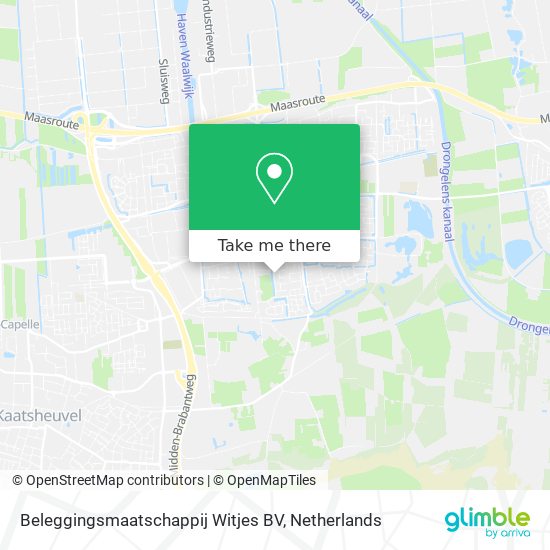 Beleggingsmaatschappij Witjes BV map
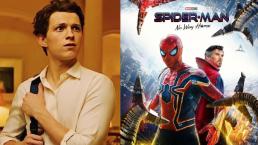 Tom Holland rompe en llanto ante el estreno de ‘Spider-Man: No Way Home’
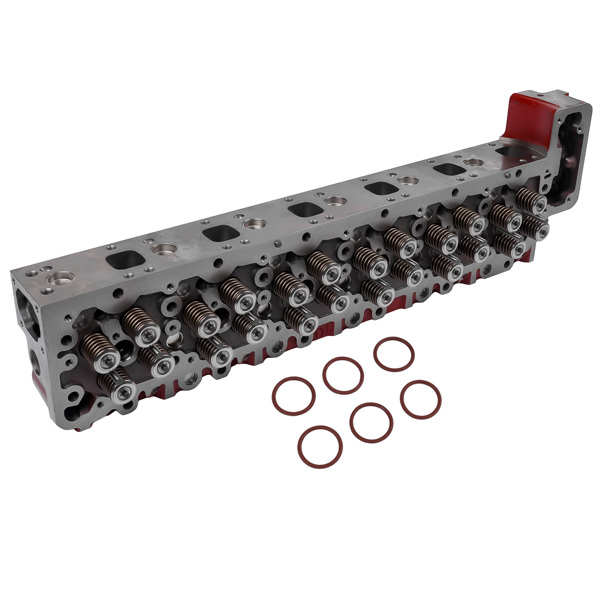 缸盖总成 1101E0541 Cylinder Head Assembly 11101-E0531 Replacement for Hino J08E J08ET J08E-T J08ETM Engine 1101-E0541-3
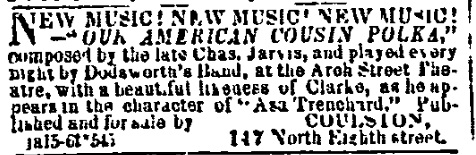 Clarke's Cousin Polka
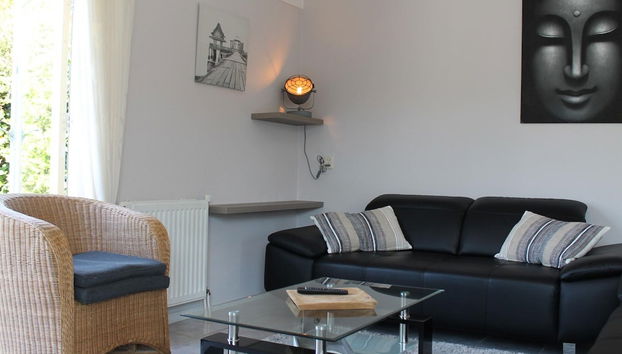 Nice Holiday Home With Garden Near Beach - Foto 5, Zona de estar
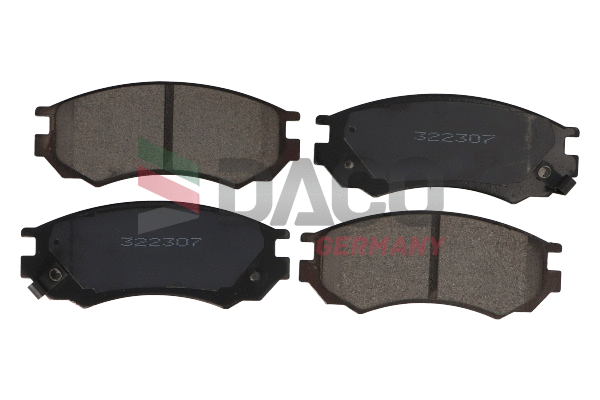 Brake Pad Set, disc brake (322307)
|---|
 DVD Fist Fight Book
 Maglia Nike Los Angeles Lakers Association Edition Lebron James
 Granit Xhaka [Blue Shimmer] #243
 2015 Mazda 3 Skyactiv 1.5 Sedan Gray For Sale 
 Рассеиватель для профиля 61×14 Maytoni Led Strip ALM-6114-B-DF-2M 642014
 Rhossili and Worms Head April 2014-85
|---|
* **Requirement**: Give back the records above exactly, limited to the lines between the one holding "DVD Fist Fight Book" and the one holding "Rhossili and Worms Head April 2014-85", inclusive.

* **Task output**:
 DVD Fist Fight Book
 Maglia Nike Los Angeles Lakers Association Edition Lebron James
 Granit Xhaka [Blue Shimmer] #243
 2015 Mazda 3 Skyactiv 1.5 Sedan Gray For Sale 
 Рассеиватель для профиля 61×14 Maytoni Led Strip ALM-6114-B-DF-2M 642014
 Rhossili and Worms Head April 2014-85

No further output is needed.